July 22, 2019 – The Debtors requested Court authority to access (i) $100.0mn in debtor-in-possession (“DIP”) financing, including $65.0mn on interim basis, (the “DIP Term Loan”) and (iii) use of cash collateral [Docket No. 37]. The DIP facility as proposed also includes an option to borrow an additional $20.0mn (the "Incremental Facility").
The motion states, “By this Motion, the Debtors request that the Court approve $100 million in senior secured debtor-in-possession financing (the ‘DIP Financing’) provided to the Debtors by those certain existing term loan lenders or affiliates or subsidiaries thereof, including on behalf of, as the investment advisors to, or managers of, certain investment vehicles and certain other lenders from time to time (the ‘DIP Lenders’), with Cortland Capital Markets Services LLC, as administrative and collateral agent (in such capacities, the ‘DIP Agent’ and, collectively with the DIP Lenders, the ’DIP Secured Parties’). If approved, the Debtors will use the proceeds of the DIP Financing to, among other things, maximize value for stakeholders and ensure adherence to health, safety, and environmental obligations while pursuing other significant sources of value for their estates, including property and business interruption insurance claims for the losses caused by the Girard Point Incident.
The use of cash collateral alone would be insufficient to meet the Debtors’ post-petition liquidity needs. While the use of Cash Collateral will allow the Debtors to continue operations in the short-term, and conduct critical operations including the shut down and idling of the Debtors’ refining facilities, removal of elevated risk chemicals, and placement of equipment in a safe state; this cash on its own is insufficient to fund the Chapter 11 Cases.
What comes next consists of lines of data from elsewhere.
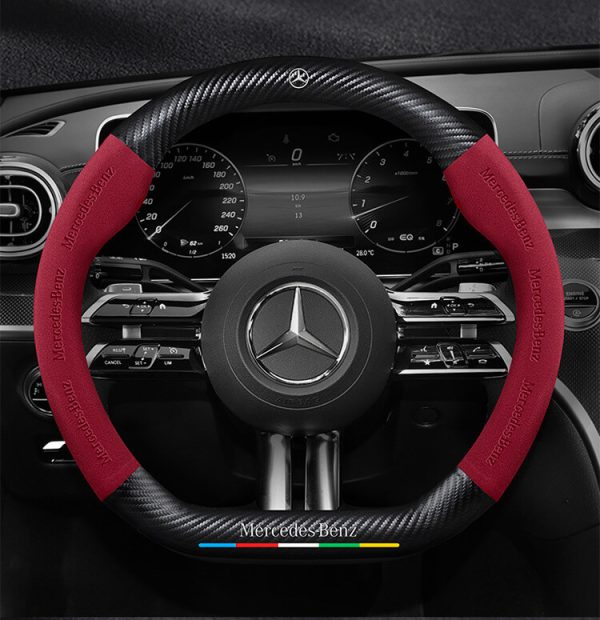 Bọc vô lăng xe Mercedes da lộn & sợi Carbon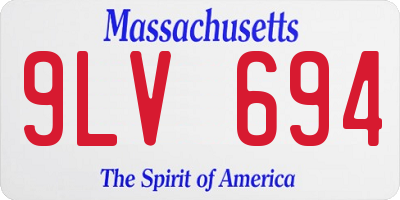 MA license plate 9LV694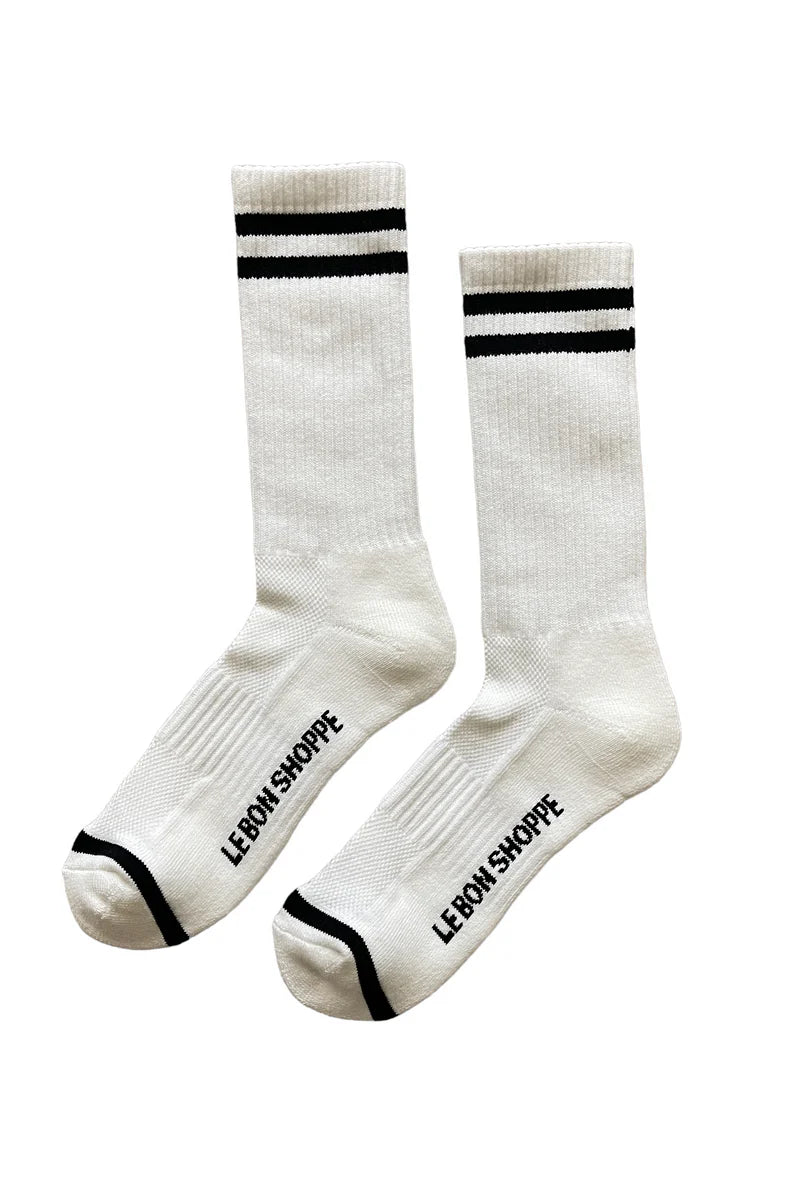 LEO BOUTIQUE Extended Boyfriend Socks | Classic White LE BON SHOPPE 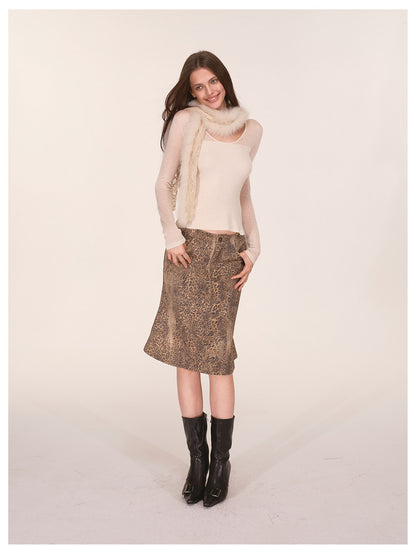 Top in maglia trasparente con scollo a V in Tencel
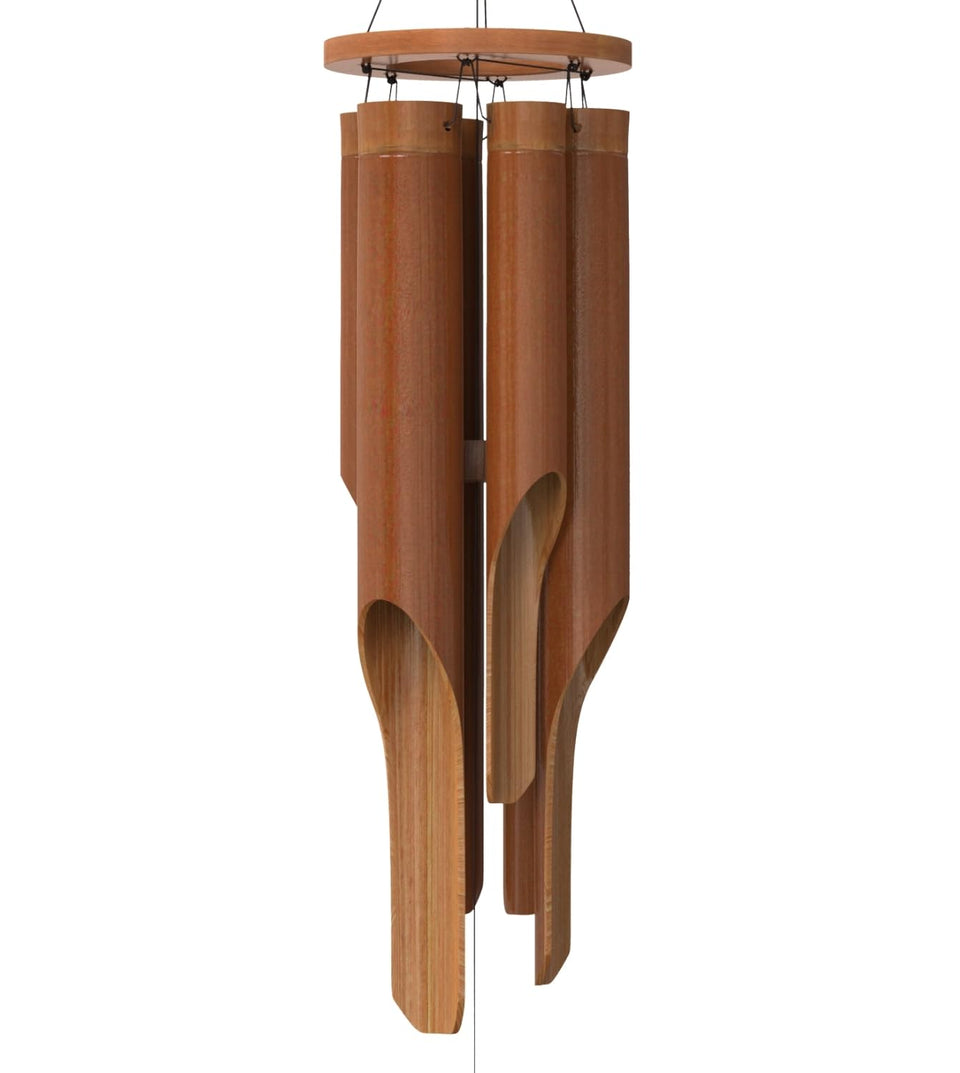 Nalulu Classic bamboo wind chimes, front view, natural craftsmanship for calming outdoor tones.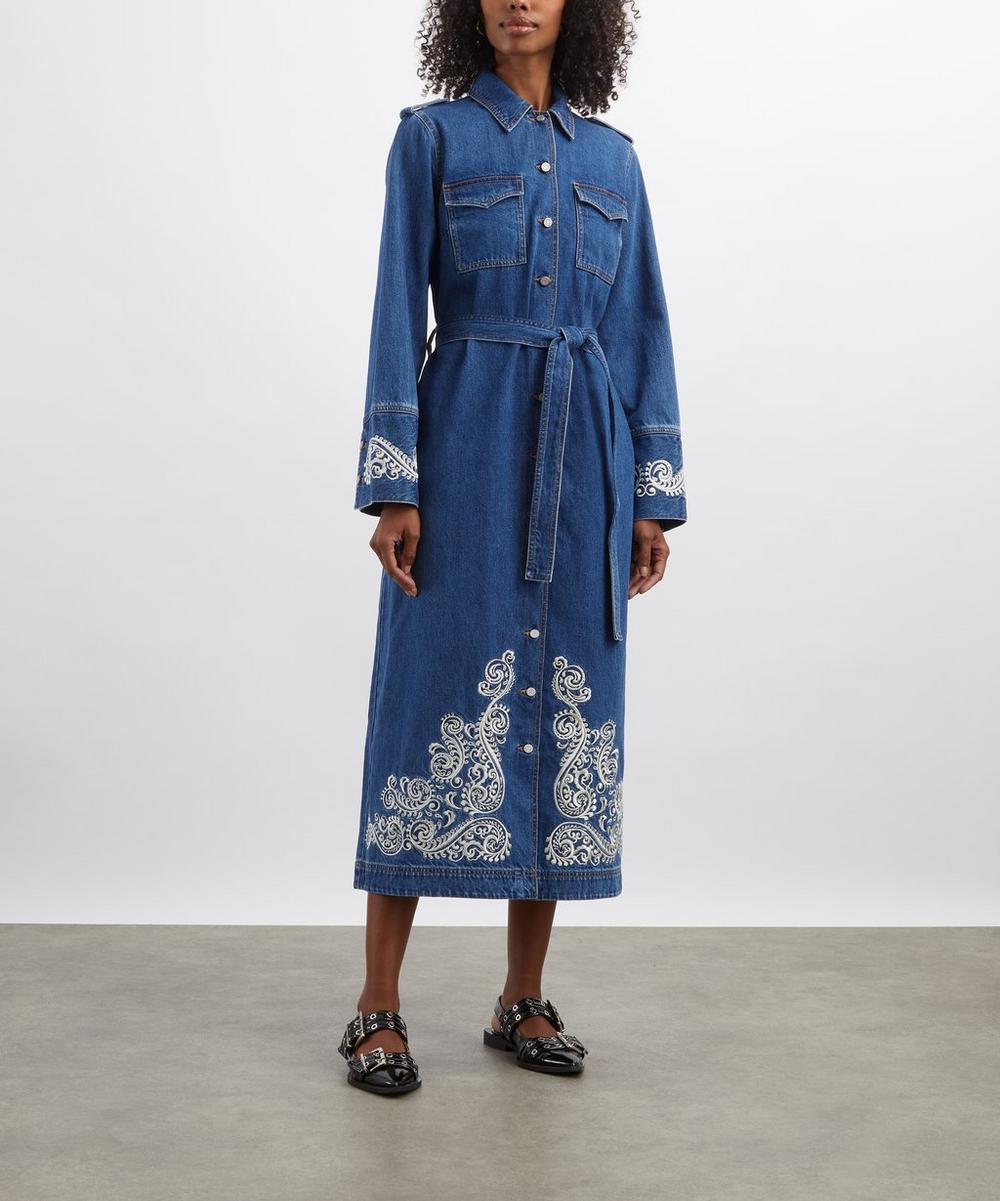 Liberty London ALÉMAIS Jacones Embroidered Denim Shirt Dress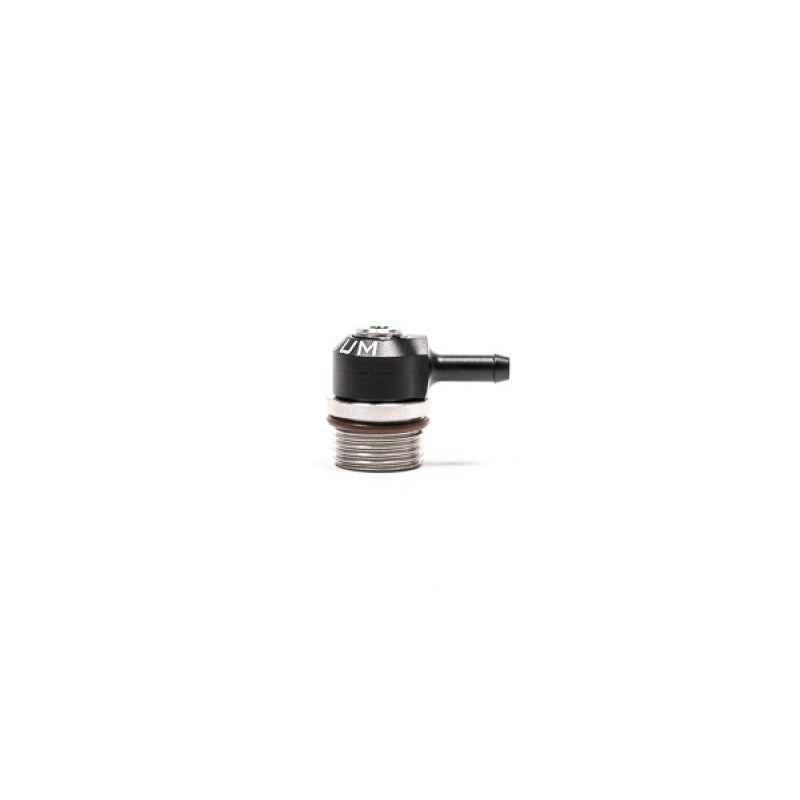 Radium Engineering 10AN ORB male to 6.5mm hose barb swivel banjo fitting in aluminum and stainless steel.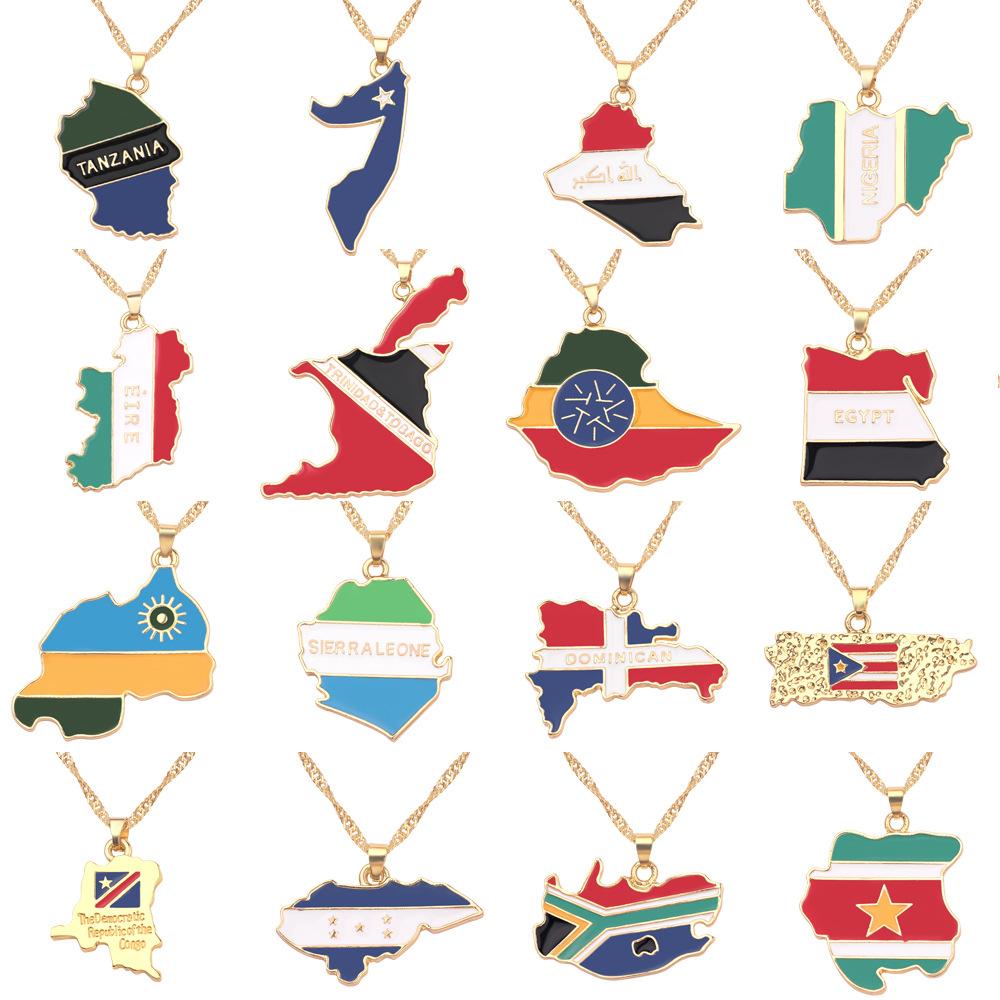 World Country Map Flag Pendant Necklace Gold Plated Alloy Charm Necklaces National Pride Jewelry for Men Women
The DIP Financing provides additional liquidity that is essential to fund the administrative cost of these Chapter 11 Cases, conduct a marketing and sale process to identify value-maximizing transactions, and to pay certain critical suppliers and other participants in the Debtors’ supply chain in the ordinary course. Without access to the DIP Financing, the Debtors likely would need to liquidate in the near term, to the serious detriment of their stakeholders, and in a manner that could create unnecessary risk to the community.
The Debtors believe that the DIP Financing gives the Debtors access to liquidity that is necessary to ensure that the Debtors have sufficient liquidity to stabilize their operations, provide for necessary safing of their facilities, and fund the administration of these chapter 11 cases as the Debtors seek to implement a restructuring process. Finally, the Debtors believe that the DIP Financing is on the most favorable terms available, presents the best—and likely only— option for the Debtors to sell their businesses as a going concern, was negotiated in good faith and at arm’s length, and will allow the Debtors to maximize the value of their estates for the benefit of all parties in interest.”
Key Terms of the DIP Facility:
- Borrower: PES Holdings, LLC.
- Guarantor(s): All Debtor affiliates of the Borrower.
- Lenders: Those certain Existing Term Loan Lenders that have agreed to provide commitments to fund the DIP Facility.
- Term: Initial Maturity Date, April 30, 2020.
- Commitment: Aggregate committed principal amount of up to $100.0mn with an Initial Commitment of $65.0mn, and an option to draw up to an additional $20.0mn of Incremental Loans.
- Interest Rates:
- Each Eurodollar Loan shall bear interest for each day during each Interest Period with respect thereto at a rate per annum equal to the Eurodollar Rate determined for such day plus the Applicable Margin.
- Each ABR Loan shall bear interest at a rate per annum equal to the ABR plus the Applicable Margin.
- (i) If all or a portion of the principal amount of any Loan shall not be paid when due (whether at the stated maturity, by acceleration or otherwise), all overdue Loans shall bear interest at a rate per annum equal to in the case of the Loans, the rate that would otherwise be applicable thereto pursuant to the foregoing provisions of Section 2.09(c) plus 2% and (ii) if all or a portion of any interest payable on any Loan or other amount payable hereunder shall not be paid when due (whether at the stated maturity, by acceleration or otherwise), such overdue amount shall bear interest at a rate per annum equal to the rate then applicable to ABR Loans under the relevant Facility plus 2% in each case, with respect to clauses (i) and (ii) above, from the date of such non-payment until such amount is paid in full (as well after as before judgment).
- DIP Funding Fee. Each DIP Facility Lender shall receive a funding fee in an amount equal to 8% of any Loan made by such DIP Facility Lender payable in cash on the earliest to occur of (I) the repayment of such Loan, (II) the Maturity Date and (III) the acceleration of the Loan.
- Undrawn Fee: Each DIP Lender shall receive an undrawn fee in an amount equal to 3% per annum of the undrawn outstanding commitments of such Lender under the DIP Facility, payable in cash on the earliest to occur of (I) the repayment of such Loan, (II) the Maturity Date and (III) the acceleration of the Loan.
- Financial Covenant: Minimum liquidity to be no less than $2,500,000 plus an agreed amount of post-trigger carevout, tested weekly.